Interview mit Nina Noblé: Merle Groneweg

Im Oktober 2020 seid ihr mit einem Gesetzesentwurf für „gemeinwohlorientierte Straßennutzung“ an die Öffentlichkeit gegangen. Was verbirgt sich dahinter?
Wir möchten den Autoverkehr in Berlin deutlich reduzieren. Aktuell werden dem Auto sechzig Prozent der Verkehrsflächen in der Stadt eingeräumt, obwohl nur 14 Prozent der Wege innerhalb des S-Bahn-Rings damit zurückgelegt werden. Wir wollen nicht, dass Straßen für Autos da sind, sondern den Spieß umdrehen: Das Auto soll nur ausnahmsweise fahren. Um zu zeigen, dass das keine Spinnerei ist, haben wir einen Gesetzesentwurf vorgelegt. Konkret schlagen wir vor, dass innerhalb des S-Bahn-Rings kaum noch Autos fahren dürfen. Ausnahmen gibt es z. B. für den Lieferverkehr, zur Beförderung von Menschen mit Mobilitätseinschränkungen sowie für zwölf private Fahrten pro Jahr. 

Die Vorstellung einer autofreien Stadt wird häufig als radikale Utopie empfunden – und von vielen abgelehnt. Warum habt ihr euch für diese Zuspitzung entschieden, statt bspw. auf den Ausbau von Alternativen zu setzen?

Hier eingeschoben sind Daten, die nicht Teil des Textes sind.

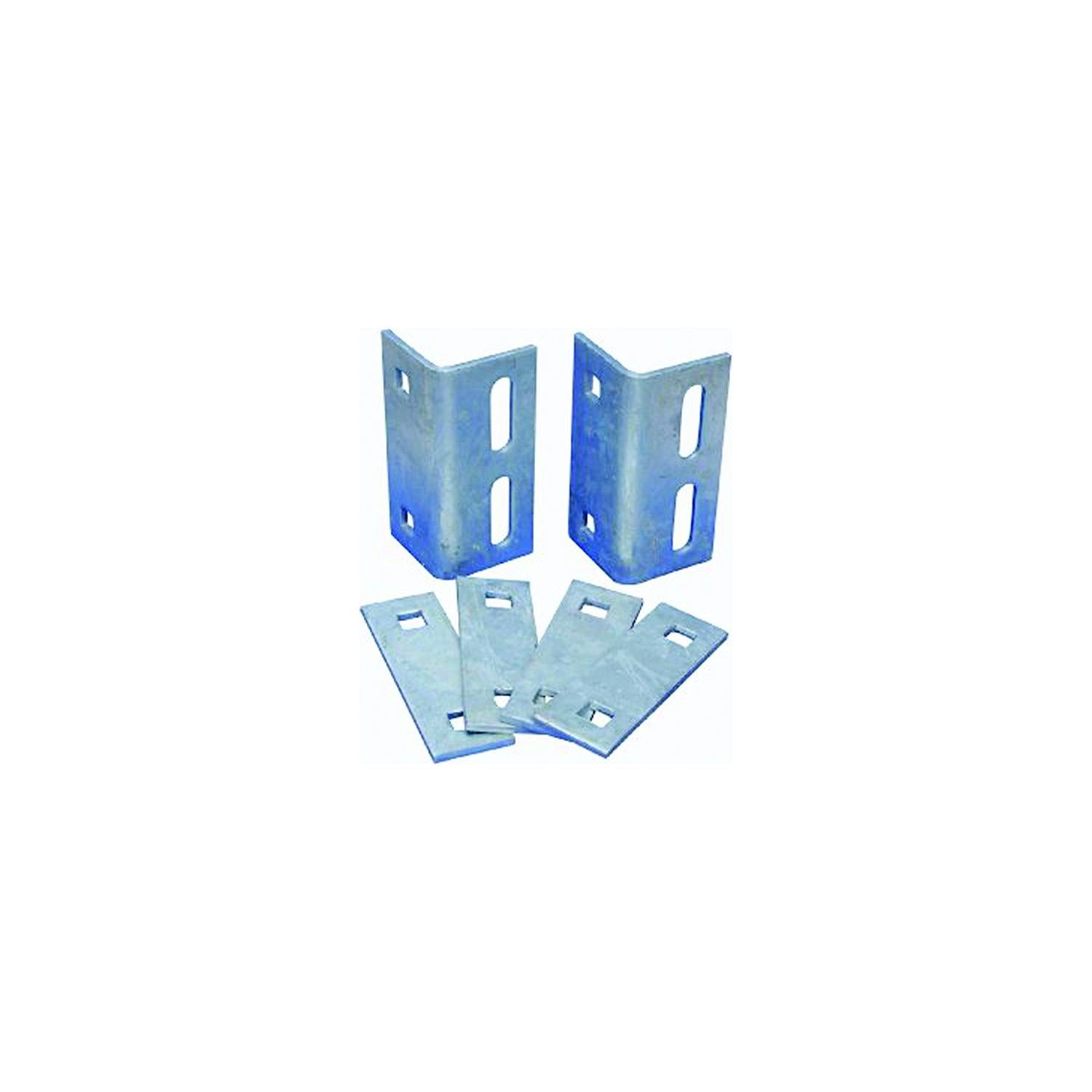 Dock Edge DE85215F 85-215-F Floating Joist Corner Kit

Der Begriff „autofrei“ war im Team lange sehr umstritten. Aber wir haben uns dafür entschieden, eine klare Ansage zu machen. Unser Ansatz ist konsequent: Wenn wir die Klimakrise ernst nehmen, dann brauchen wir keine kleinen Maßnahmenpakete, sondern eine große Vision. Wie soll die Stadt der Zukunft aussehen? Bisher werden der ÖPNV und die Radwege zwar ein bisschen ausgebaut, doch das führt kaum zu einer tatsächlichen Zurückdrängung des Autoverkehrs. Dabei müssen wir den Autos Platz und Privilegien wegnehmen! Das ehrlich zu benennen, stößt natürlich auf Widerstand. In unserer Kommunikation setzen wir deshalb immer stärker darauf, die positiven Auswirkungen der Autoreduktion in den Vordergrund zu stellen.